EDGECOMB — For years, grants from the National Endowment for the Arts have supported Watershed Ceramics.
Then on May 2, Executive Director David East, along with other arts organizations, got termination notices for grants for 2024 and 2025. Watershed had already spent its $35,000 grant for 2024 and is not being asked to reimburse the government, East said.
But the 2025 grant — which supports one of their artist in residency programs — is “under review.”
“It’s in a limbo phase,” he said of the $30,000 grant. “Historically, it would have been just a formality. We can’t get any answers. We already have expenses associated with this project.”
Statewide, 11 grants totaling $345,500 have been terminated as part of cost saving initiatives announced by the Trump administration, according to the Maine Arts Commission and Cultural Alliance of Maine.
Mollie Cashwell, director of the cultural alliance, said that total could go higher as she waits to hear from a few other organizations that may have been impacted.
In addition to the NEA grants, Cashwell said eight National Endowment for the Humanities grants headed to Maine were canceled totaling $1.3 million and nearly $300,000 in grants to groups who get funds from the Institute of Museum and Library Services have also been terminated.
In total, that’s $1.67 million in cultural grants lost, she said.
The termination notices came after President Donald Trump released his proposed budget, which would eliminate small agencies such as NEA, the NEH and museum and library sciences institute.
The rationale offered by the administration is that eliminating small agencies is “consistent with the President’s efforts to decrease the size of the Federal Government to enhance accountability, reduce waste, and reduce unnecessary governmental entities.”
Amy Hausmann, executive director of the Maine Arts Commission, said the arts generate $2.5 billion annually in Maine, which is 2.7% of the state’s gross domestic product.
“Art and culture is something that impacts all generations in our state and all communities across the state from York County up to Aroostook, out to Oxford out to Washington County,” she said. “We know that the work that’s being done by the cultural workers in the state is so important.”
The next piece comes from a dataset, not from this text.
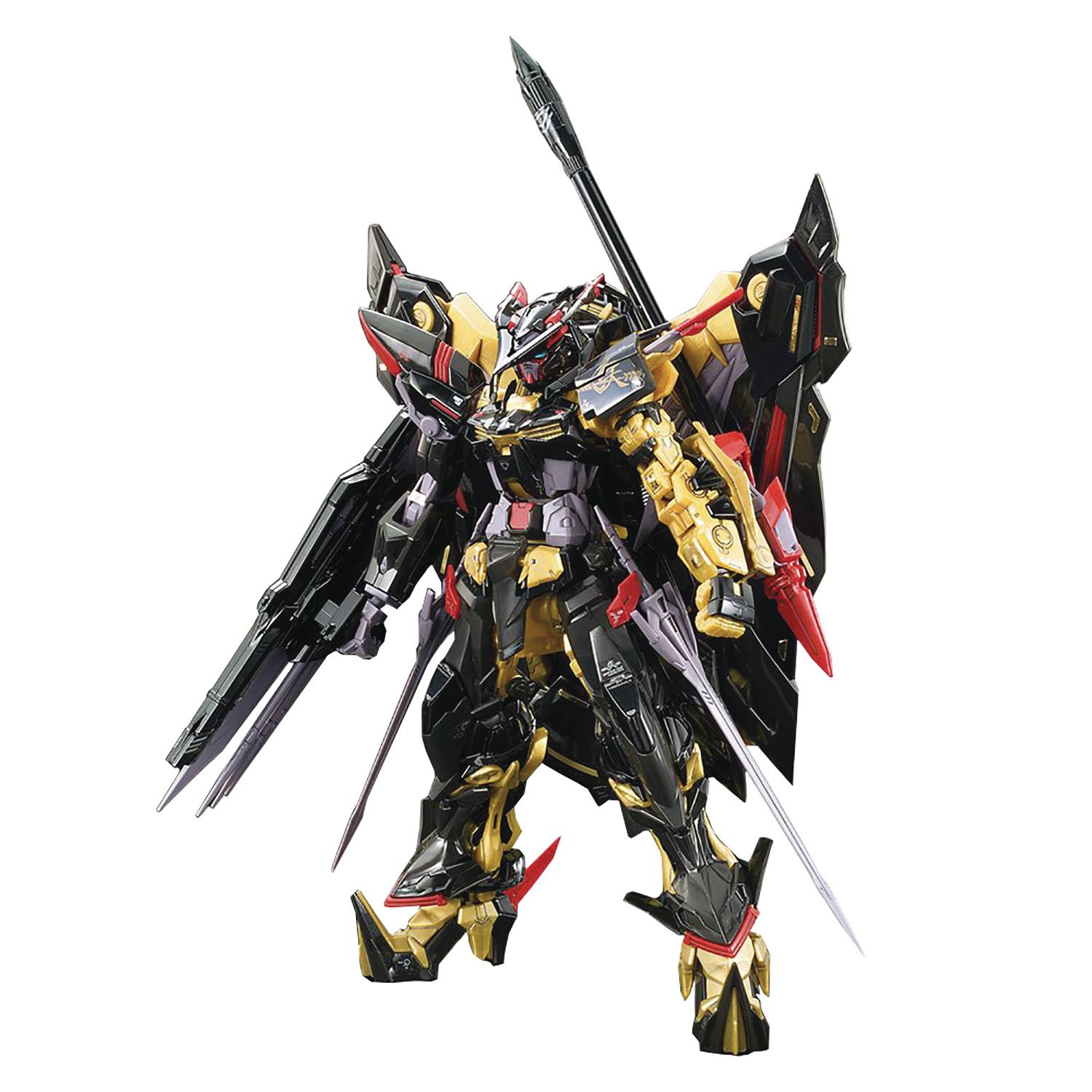 Gundam Seed RG #24 Astray Gold Frame Amatsu Mina 1/144 Model Kit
She said she’s working with the state’s Congressional delegation to ensure that they know how important the grants are to local groups in Maine and noted that the arts have received strong bipartisan support in the past.
One of the organizations to receive a termination letter is Portland Ovations, which is set to lose $55,000 — the largest federal grant ever approved, said Aimee Petrin, executive and artistic director.
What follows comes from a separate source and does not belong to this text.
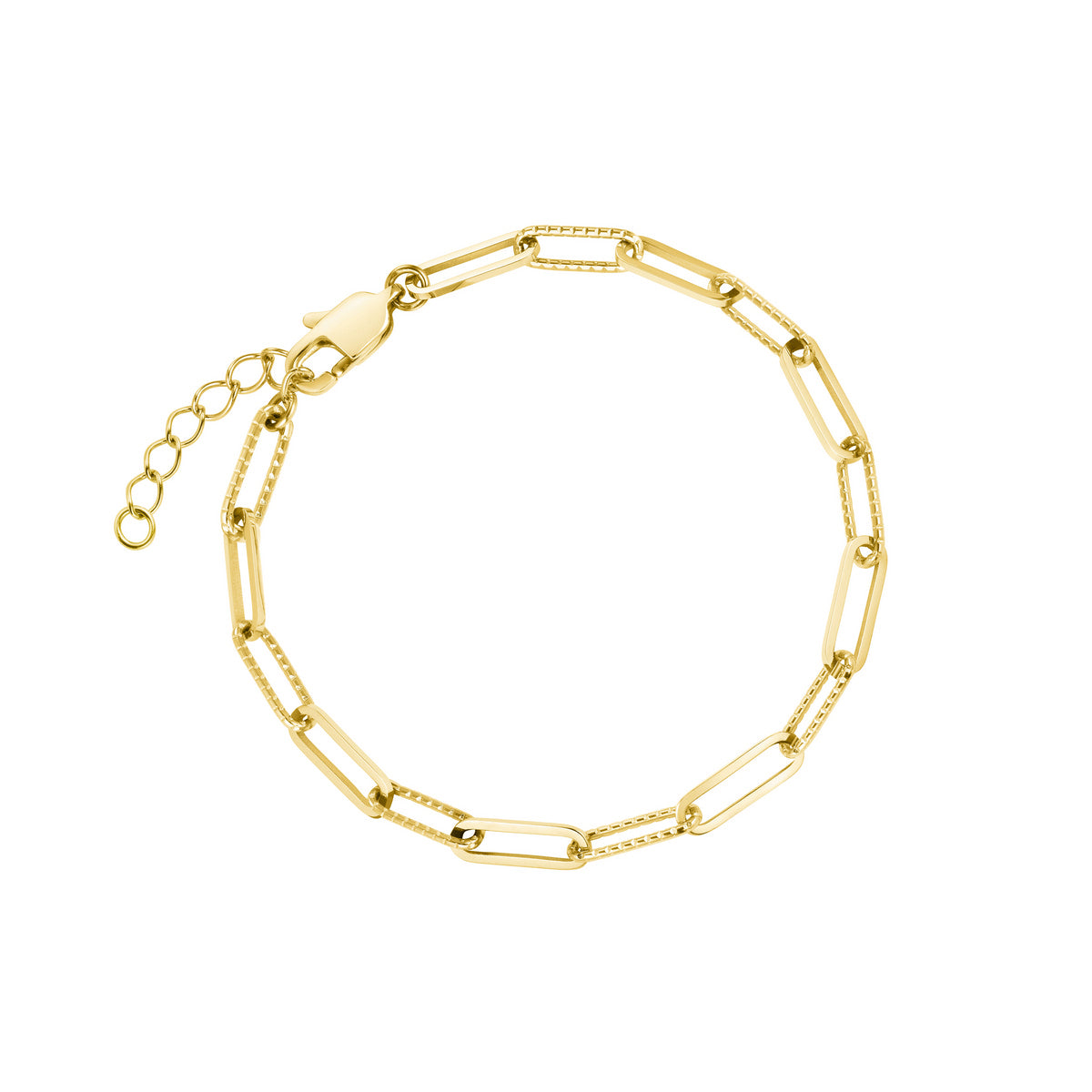 Rosefield Armband Heart Chain JBHCG-J682 Goudkleurig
“We’ve already done half of the programs in our grant,” she said. “I had to recognize a substantial loss to our operating budget.”
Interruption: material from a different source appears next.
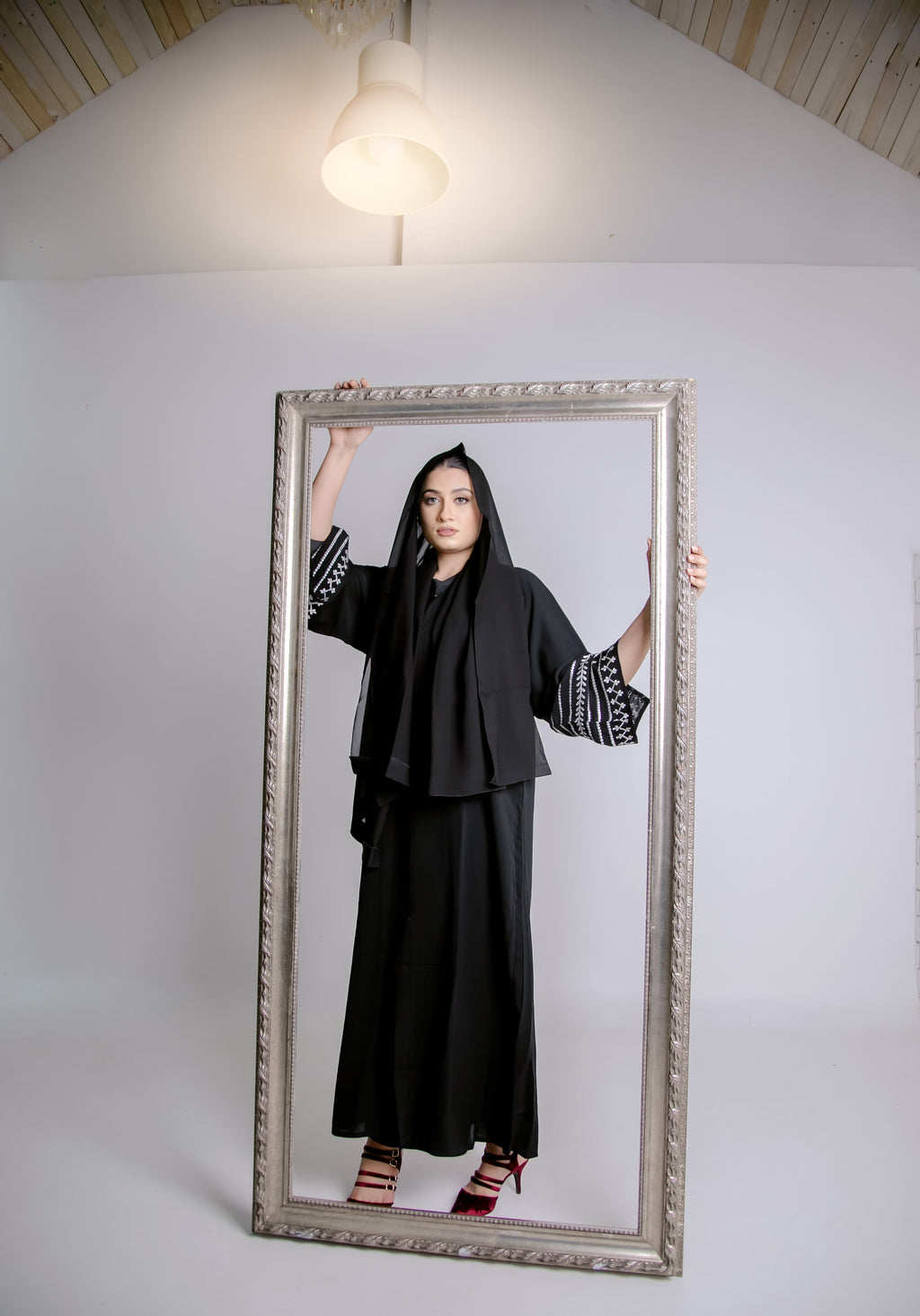 Midnight-Elegance-Abaya,Midnight-Abaya,Elegance-Abaya,Black-Abaya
The grant supports performances by groups like Contra-Tiempo, a dance theater company that highlights Latin culture and Omar Offendum, who performed hip-hop and Arabic poetry.
Petrin said NEA grants are like the “Good Housekeeping Seal of Approval” — a signal to other donors that the organization is worth supporting.
Beyond the grants, Petrin said she’s worried about ripple effects on arts organizations if federal support continues to dry up. Although funding for the Maine Arts Commission wasn’t cut in this round, she wonders what message is being sent when support erodes for the arts.
She also hopes that the “NEA is not eliminated 100%” so it can be revived at some point.
“The arts are central to who we are as human beings, how we come together as community,” she said. “It’s beautiful and how we need to exist. I worry the arts will have to take a back seat.”